The woman glances at my hands with worry, giving a slight tsk at the children that are half-hiding behind bowls of porridge at the table. They shirk back out of my sight when she does, only little hands with large spoons visible behind their breakfasts. She turns back to me and smiles. “Jus’ a stones t’ro from Everlook, laddie. Drink up.”
She tips the cup as I press it to my lips and I give her an angry look. She just laughs at me. This stuff tastes like ground up grass. That a hawkstrider pissed in.
I sputter, turning my face and coughing. “Tastes bloody awful!”
“Aye. Had ta put a bit of remedies in it fer yer frostbite.” She scowls at me with a smile playing at her lips. She’s babying me. “Finish it off now.”
Frankly I’d rather finish her off, but I suppose I do owe the family something for taking in a stranger frozen on the side of the road. I’m sniffling and wiping my nose with the back of my hand when I notice her staring at it again. I close my fist quietly and put the teacup back on the saucer she’s holding expectantly.
“What ‘appened there?” she nods to my missing middle fingers.
“Forge accident,” I lie easily, having used that one before. She accepts it as easily as most, with a sigh of relief.
“Aye, shame tha’. So yer a smithy, then?” She smiles warmly now, easing into conversation with unfortunate crippled man. I oblige the fantasy, giving her charming smiles back.
“A jeweler, actually. I deal mostly with antiques,” I tell her, and that one’s not even a lie. There’s a small commotion as the male comes home, letting in a draft that sends the children into squeals of terror in their cotton pajamas. They run towards him for hugs and he lefts a stout arm in a wave towards the woman.

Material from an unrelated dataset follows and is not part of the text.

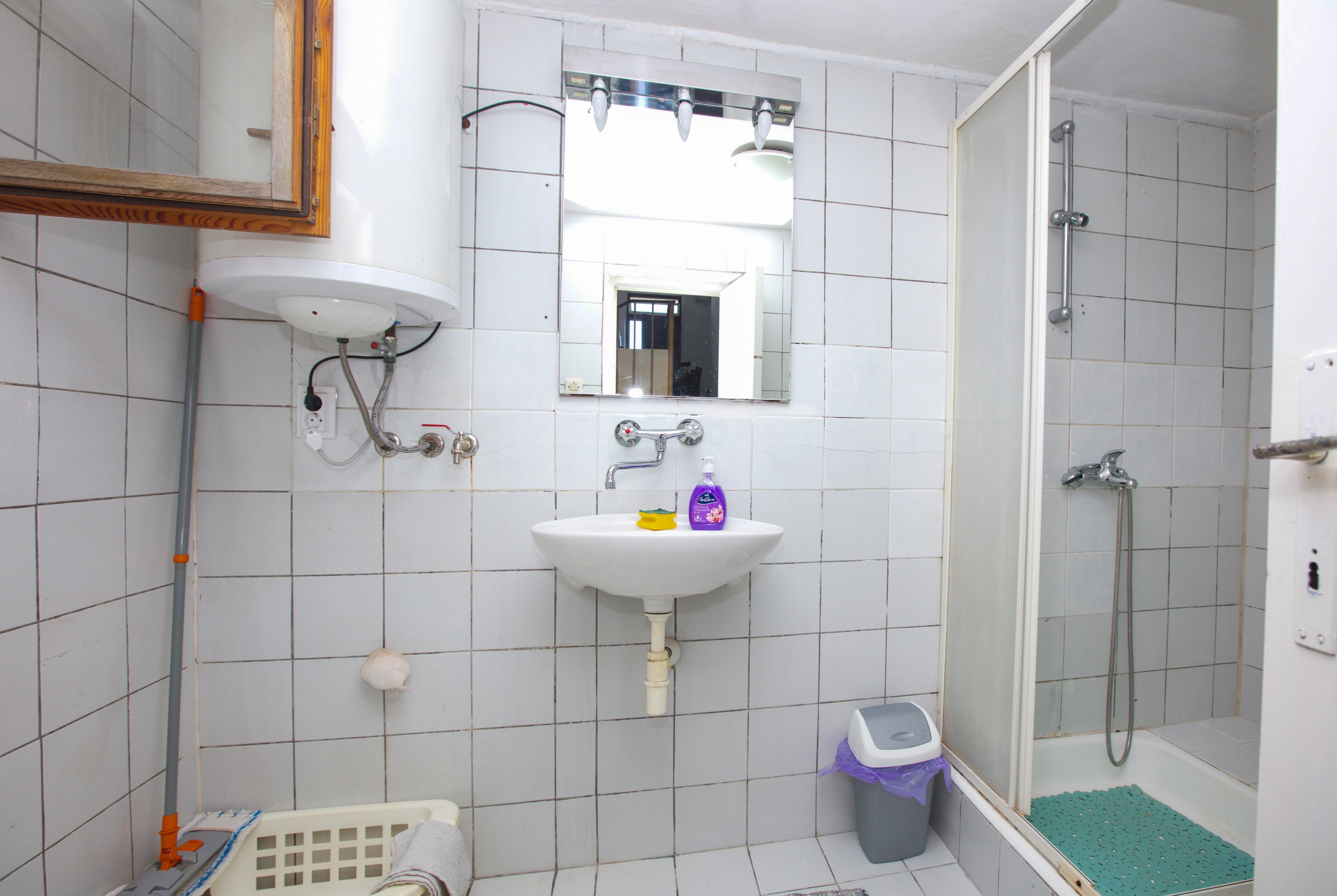 Three bedroom apartment with balcony Tisno, Murter  A-a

He eyes me cautiously and I give him my most pitiful, innocent face as he hangs his musket over the door.
“What’s an antique jewler doin’ all tha way up ‘ere in Winterspring? I cannae think tha’ there’s many buyers in Everlook. Travelin’ town mostly, innit?” She pries.

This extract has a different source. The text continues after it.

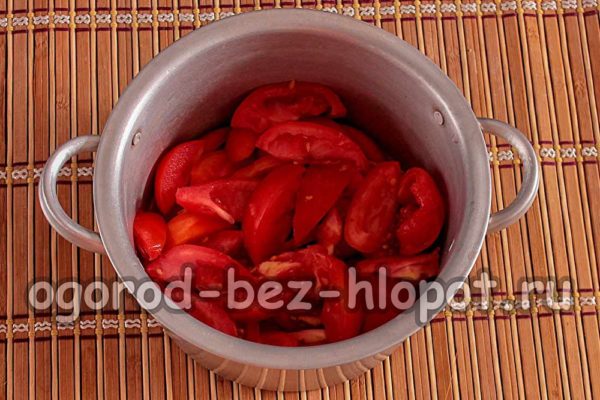 Tomaten klein schneiden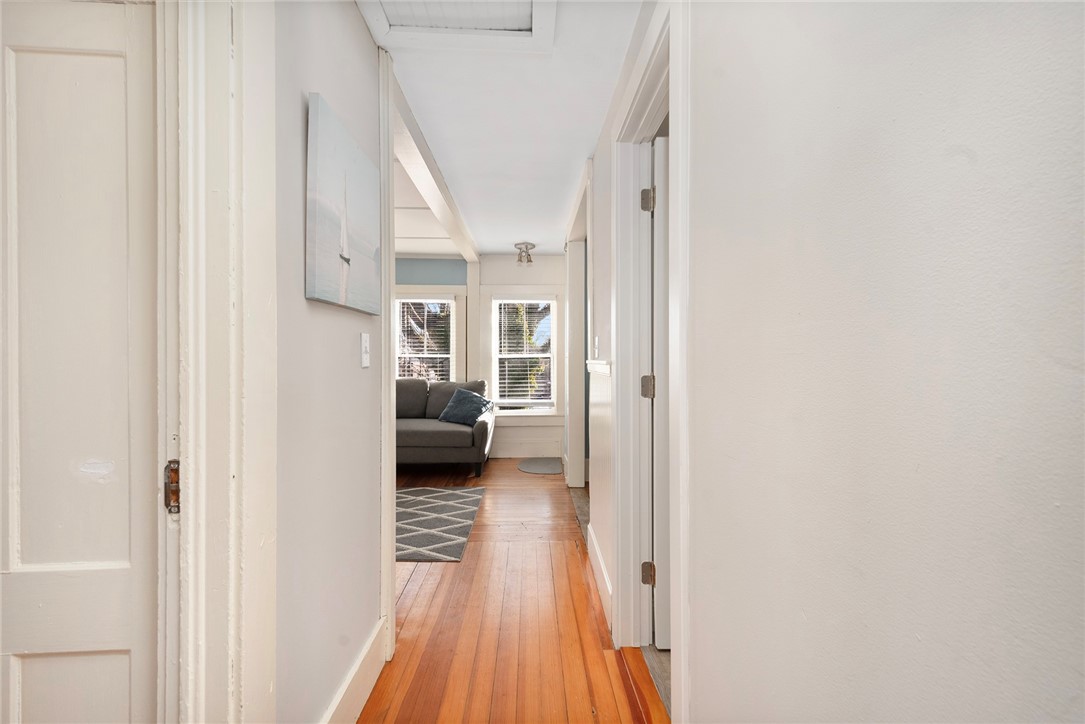 21 Spring Street 3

“No, not many. I’m not here on business,” I say, repressing a yawn. The heat of the blankets its starting to feel heavy and comforting, filling my head with gauzey sleep.

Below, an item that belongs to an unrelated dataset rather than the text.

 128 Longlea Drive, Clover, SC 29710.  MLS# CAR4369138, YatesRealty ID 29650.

She presses her fat little hand against my cheeks and clucks at my temperature. “Pleasure then?”
I scoff, rolling my eyes towards the snow-filled window above the bed. Tylien’s probably already left, back to her life and gone from the black mistake that was Iloam Blacksong. I realize I’m scowling when I say, “Not pleasure, either.”
She gives me a knowing look. “A lass, then. I knew yeh had a melancholy about yeh.” She gets up, moving to the teapot ontop of the cast iron stove. “This calls fer more tea, aye?”
I remember Tylien’s earrings, settled at the bottom of the teapot she held in her lap, our blood mixed in the water to make the ward of protection. She’d looked so bloody scared. I’d done that to her.
I lean my head back against the tiny bedframe, watching the window well fill with even more flakes of pristine white snow. My eyelids fall together, heavier than just a fever, and I force myself to try to forget Tylien Sunstorm like she’s forgotten me.
“Put some whiskey in it, will you, Crumpet?”